§ Working data
....
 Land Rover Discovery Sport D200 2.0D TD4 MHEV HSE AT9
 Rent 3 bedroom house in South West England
....
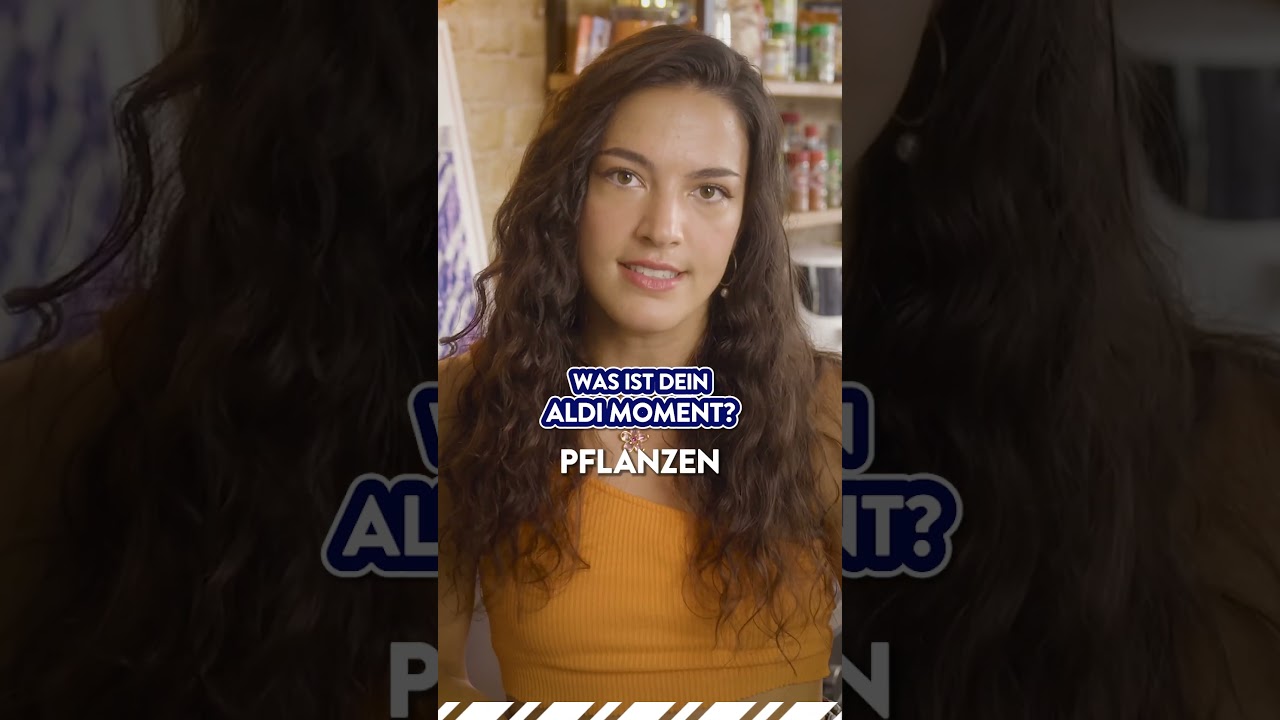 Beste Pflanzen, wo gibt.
....
Your task is to transcribe, with no changes, only the lines of the listing above that lie between the line holding "Land Rover Discovery" and the line holding "Rent 3 bedroom house in South West England", inclusive.

§ Exercise response
 Land Rover Discovery Sport D200 2.0D TD4 MHEV HSE AT9
 Rent 3 bedroom house in South West England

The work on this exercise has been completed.